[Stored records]

○ ○ ○ ○ ○

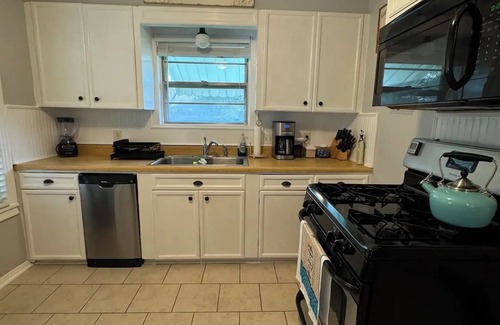 Deer Park House | Stay at Vida! Cozy home for summer getaway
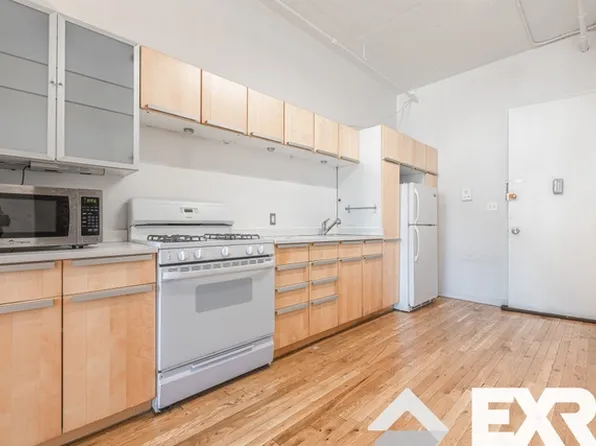 315 Berry St APT 301, Brooklyn, NY 11249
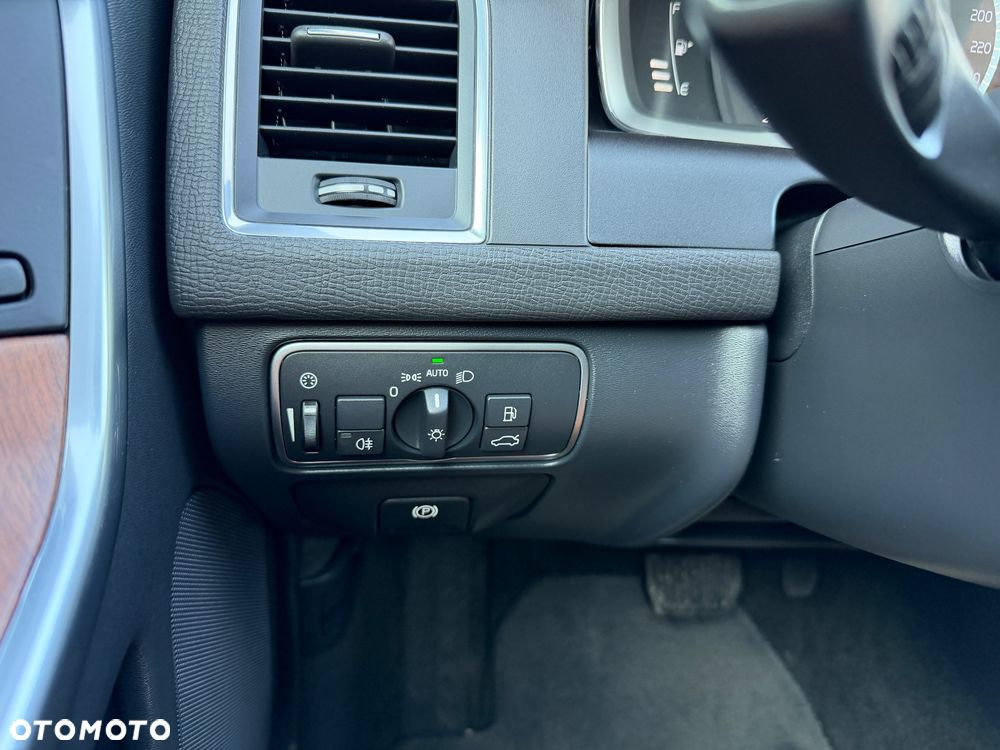 Volvo XC 60 D3 Geartronic Linje Inscription - 36
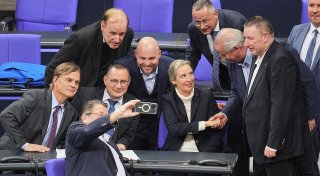 Migrations-Abstimmung führt zu Eklat - AfD feiert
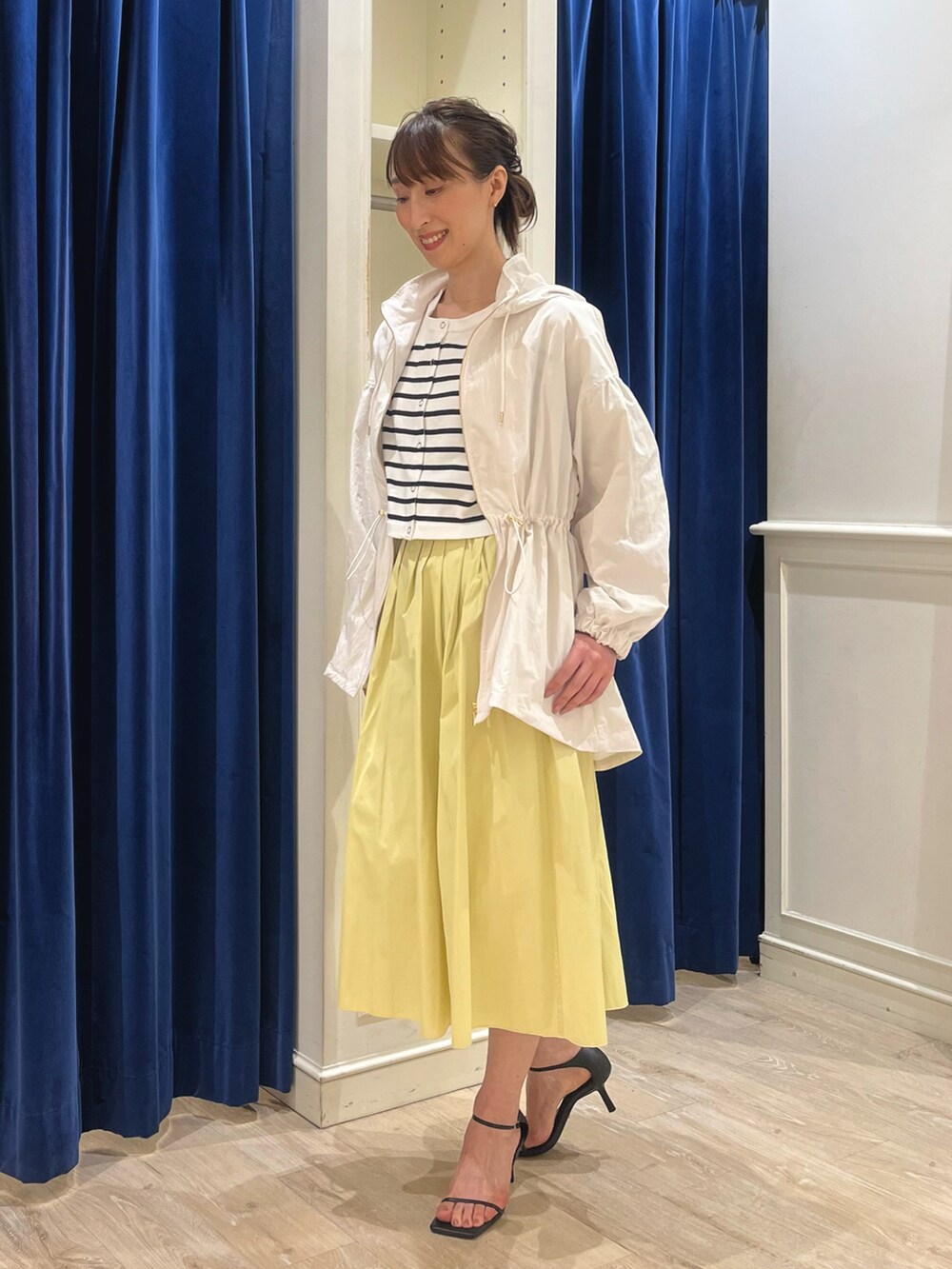 「春コーデ、オトナカジュアル、パステル映える春、イエロー、パステルカラー、マウンテンパーカー、春ニット、フーディー、ブルゾン、ボーダー、マンパ、タフタスカート、リバーシブル、フレアスカート、ノーリーズ」｜「NOLLEY’Sの◇【WEB限定】ボーダーショートカーディガン（カーディガン/ボレロ、ホワイト系）」を使った、nol ikeoさん（レディース・160cm）の春コーディネートの5枚目の写真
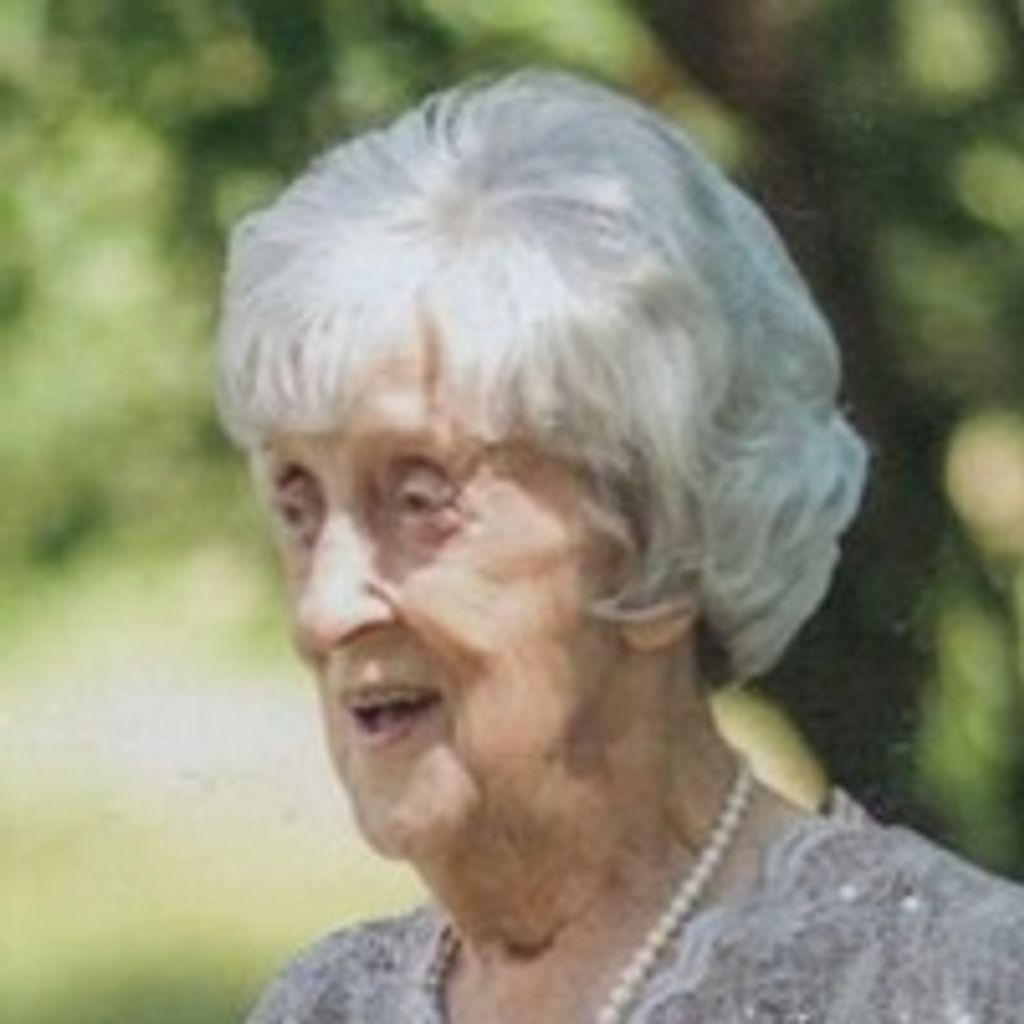 Madeline C Grosz Profile Photo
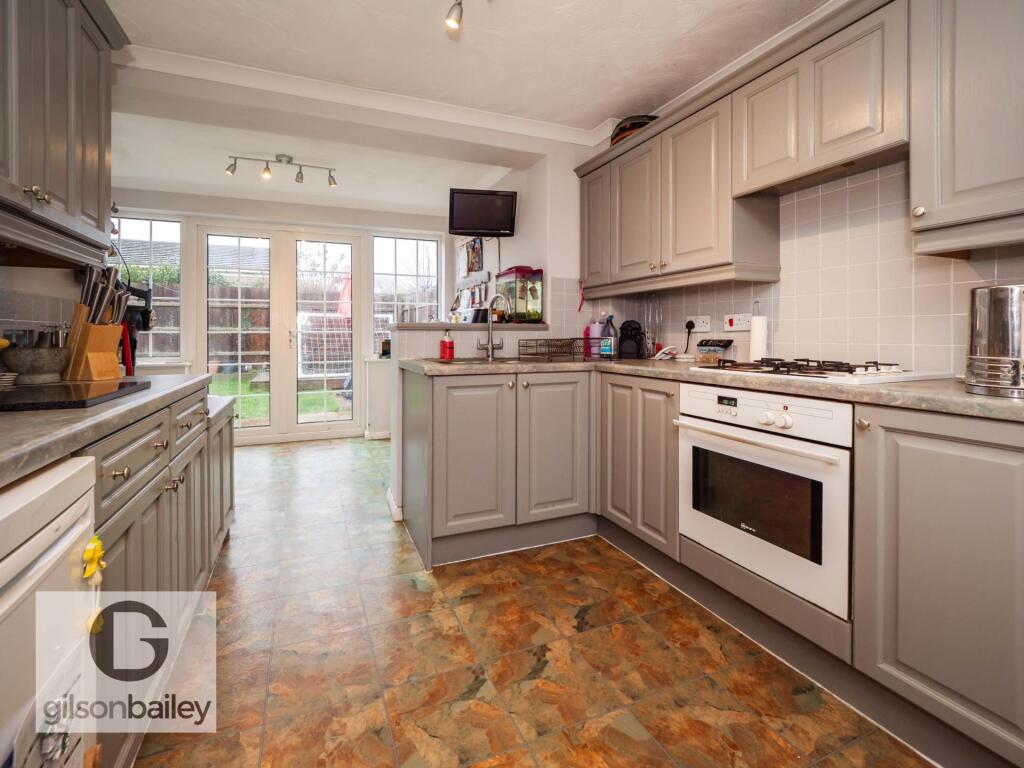 Lackford Close, Brundall photo 3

○ ○ ○ ○ ○

== ABOUT THIS TASK ==
Write out every record above exactly as it stands, but leave out the pictures.

== RESPONSE TO THE TASK ==
 Deer Park House | Stay at Vida! Cozy home for summer getaway
 315 Berry St APT 301, Brooklyn, NY 11249
 Volvo XC 60 D3 Geartronic Linje Inscription - 36
 Migrations-Abstimmung führt zu Eklat - AfD feiert
 「春コーデ、オトナカジュアル、パステル映える春、イエロー、パステルカラー、マウンテンパーカー、春ニット、フーディー、ブルゾン、ボーダー、マンパ、タフタスカート、リバーシブル、フレアスカート、ノーリーズ」｜「NOLLEY’Sの◇【WEB限定】ボーダーショートカーディガン（カーディガン/ボレロ、ホワイト系）」を使った、nol ikeoさん（レディース・160cm）の春コーディネートの5枚目の写真
 Madeline C Grosz Profile Photo
 Lackford Close, Brundall photo 3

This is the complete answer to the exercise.